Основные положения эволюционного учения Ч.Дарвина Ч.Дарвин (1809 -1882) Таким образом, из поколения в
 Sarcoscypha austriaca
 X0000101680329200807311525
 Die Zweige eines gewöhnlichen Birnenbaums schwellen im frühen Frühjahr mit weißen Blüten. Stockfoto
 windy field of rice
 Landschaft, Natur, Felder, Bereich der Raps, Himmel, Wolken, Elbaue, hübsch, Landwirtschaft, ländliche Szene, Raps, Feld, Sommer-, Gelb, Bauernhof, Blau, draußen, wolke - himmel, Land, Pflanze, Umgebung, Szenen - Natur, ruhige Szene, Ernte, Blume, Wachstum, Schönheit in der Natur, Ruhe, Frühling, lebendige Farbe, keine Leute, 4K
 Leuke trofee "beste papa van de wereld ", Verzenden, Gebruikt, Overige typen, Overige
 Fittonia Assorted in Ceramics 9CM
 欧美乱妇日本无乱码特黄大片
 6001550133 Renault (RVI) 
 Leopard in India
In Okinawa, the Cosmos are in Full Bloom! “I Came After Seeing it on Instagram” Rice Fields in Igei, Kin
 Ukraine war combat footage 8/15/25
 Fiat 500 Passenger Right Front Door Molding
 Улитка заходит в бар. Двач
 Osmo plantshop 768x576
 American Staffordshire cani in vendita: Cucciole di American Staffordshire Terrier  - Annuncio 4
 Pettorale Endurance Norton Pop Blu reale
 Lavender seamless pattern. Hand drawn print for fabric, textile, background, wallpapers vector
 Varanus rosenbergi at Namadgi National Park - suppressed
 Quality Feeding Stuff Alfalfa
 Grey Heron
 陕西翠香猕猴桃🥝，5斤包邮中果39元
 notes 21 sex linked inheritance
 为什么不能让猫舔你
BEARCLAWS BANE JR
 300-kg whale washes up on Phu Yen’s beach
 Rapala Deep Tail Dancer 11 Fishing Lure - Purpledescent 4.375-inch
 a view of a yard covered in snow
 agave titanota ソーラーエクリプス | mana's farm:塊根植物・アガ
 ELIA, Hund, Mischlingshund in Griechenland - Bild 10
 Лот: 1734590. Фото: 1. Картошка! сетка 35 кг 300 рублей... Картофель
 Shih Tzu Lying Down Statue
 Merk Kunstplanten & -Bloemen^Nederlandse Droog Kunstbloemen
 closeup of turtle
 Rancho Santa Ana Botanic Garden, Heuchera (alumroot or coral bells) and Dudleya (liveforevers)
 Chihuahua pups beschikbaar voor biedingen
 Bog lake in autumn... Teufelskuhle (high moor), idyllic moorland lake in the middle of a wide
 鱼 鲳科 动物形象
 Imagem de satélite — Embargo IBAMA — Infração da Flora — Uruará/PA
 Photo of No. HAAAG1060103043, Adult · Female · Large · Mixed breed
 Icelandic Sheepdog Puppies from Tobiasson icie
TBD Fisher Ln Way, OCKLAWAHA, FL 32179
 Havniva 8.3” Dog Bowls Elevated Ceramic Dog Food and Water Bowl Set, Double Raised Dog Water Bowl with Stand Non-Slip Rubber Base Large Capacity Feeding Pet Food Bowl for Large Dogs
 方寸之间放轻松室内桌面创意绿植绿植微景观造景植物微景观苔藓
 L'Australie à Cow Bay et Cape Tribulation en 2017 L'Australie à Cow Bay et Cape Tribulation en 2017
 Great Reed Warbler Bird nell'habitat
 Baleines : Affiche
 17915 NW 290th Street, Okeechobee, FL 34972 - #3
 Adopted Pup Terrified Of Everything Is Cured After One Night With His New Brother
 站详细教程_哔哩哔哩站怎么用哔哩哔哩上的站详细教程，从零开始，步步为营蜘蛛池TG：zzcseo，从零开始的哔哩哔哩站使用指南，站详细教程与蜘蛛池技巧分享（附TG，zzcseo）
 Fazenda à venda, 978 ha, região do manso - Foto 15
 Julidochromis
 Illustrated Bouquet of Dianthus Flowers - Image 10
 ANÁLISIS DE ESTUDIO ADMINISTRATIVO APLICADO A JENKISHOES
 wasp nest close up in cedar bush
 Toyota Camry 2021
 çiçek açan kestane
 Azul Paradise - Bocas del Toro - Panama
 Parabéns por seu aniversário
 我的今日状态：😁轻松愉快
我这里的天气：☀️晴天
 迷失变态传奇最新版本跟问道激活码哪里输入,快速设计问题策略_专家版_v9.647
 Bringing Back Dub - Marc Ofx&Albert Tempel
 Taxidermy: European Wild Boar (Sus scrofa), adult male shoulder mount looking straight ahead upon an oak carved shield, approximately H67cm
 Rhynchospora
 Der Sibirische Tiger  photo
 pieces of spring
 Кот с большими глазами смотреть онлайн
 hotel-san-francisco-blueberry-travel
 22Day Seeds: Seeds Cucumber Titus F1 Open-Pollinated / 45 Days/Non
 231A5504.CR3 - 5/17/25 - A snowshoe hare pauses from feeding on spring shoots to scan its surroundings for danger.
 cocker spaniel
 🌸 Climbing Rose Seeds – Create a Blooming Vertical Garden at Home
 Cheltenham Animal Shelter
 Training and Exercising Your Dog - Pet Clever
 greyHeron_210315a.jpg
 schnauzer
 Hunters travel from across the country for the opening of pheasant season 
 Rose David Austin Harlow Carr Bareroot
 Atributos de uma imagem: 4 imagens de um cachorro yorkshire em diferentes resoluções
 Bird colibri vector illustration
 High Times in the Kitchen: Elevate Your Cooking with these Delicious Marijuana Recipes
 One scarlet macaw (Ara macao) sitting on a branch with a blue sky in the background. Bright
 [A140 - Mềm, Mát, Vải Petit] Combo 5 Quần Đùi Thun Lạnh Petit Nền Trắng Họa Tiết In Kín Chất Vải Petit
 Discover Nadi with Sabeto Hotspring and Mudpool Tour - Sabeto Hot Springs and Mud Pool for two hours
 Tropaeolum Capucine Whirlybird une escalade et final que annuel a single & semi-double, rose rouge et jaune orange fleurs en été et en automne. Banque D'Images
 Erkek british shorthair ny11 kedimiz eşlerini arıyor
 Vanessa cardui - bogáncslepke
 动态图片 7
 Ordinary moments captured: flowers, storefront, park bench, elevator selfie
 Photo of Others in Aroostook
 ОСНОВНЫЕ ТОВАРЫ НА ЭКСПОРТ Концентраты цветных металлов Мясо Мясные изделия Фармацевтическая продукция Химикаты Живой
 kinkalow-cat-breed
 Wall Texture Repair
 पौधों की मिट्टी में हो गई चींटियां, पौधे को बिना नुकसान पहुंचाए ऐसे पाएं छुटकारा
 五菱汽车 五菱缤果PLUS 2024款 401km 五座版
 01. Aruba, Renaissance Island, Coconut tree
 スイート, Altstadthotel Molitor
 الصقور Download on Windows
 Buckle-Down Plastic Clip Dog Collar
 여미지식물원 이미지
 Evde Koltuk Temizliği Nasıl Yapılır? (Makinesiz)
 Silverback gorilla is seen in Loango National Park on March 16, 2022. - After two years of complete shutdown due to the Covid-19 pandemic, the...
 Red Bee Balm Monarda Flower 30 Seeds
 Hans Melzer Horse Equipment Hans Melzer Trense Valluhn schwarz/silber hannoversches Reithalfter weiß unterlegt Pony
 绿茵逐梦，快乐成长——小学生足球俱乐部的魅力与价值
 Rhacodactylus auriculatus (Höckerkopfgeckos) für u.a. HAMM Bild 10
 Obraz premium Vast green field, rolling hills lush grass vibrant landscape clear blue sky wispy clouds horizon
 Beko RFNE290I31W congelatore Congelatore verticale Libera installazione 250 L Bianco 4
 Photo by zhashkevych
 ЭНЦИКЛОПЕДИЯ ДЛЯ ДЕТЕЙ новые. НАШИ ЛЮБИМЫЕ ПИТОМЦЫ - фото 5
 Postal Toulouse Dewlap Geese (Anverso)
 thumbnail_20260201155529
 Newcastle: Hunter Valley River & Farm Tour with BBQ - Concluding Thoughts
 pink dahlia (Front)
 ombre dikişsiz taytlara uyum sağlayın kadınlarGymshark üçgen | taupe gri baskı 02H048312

_Assigned task_
Go through the lines above and copy any that contain "Large".

_Exercise result_
 Photo of No. HAAAG1060103043, Adult · Female · Large · Mixed breed
 Havniva 8.3” Dog Bowls Elevated Ceramic Dog Food and Water Bowl Set, Double Raised Dog Water Bowl with Stand Non-Slip Rubber Base Large Capacity Feeding Pet Food Bowl for Large Dogs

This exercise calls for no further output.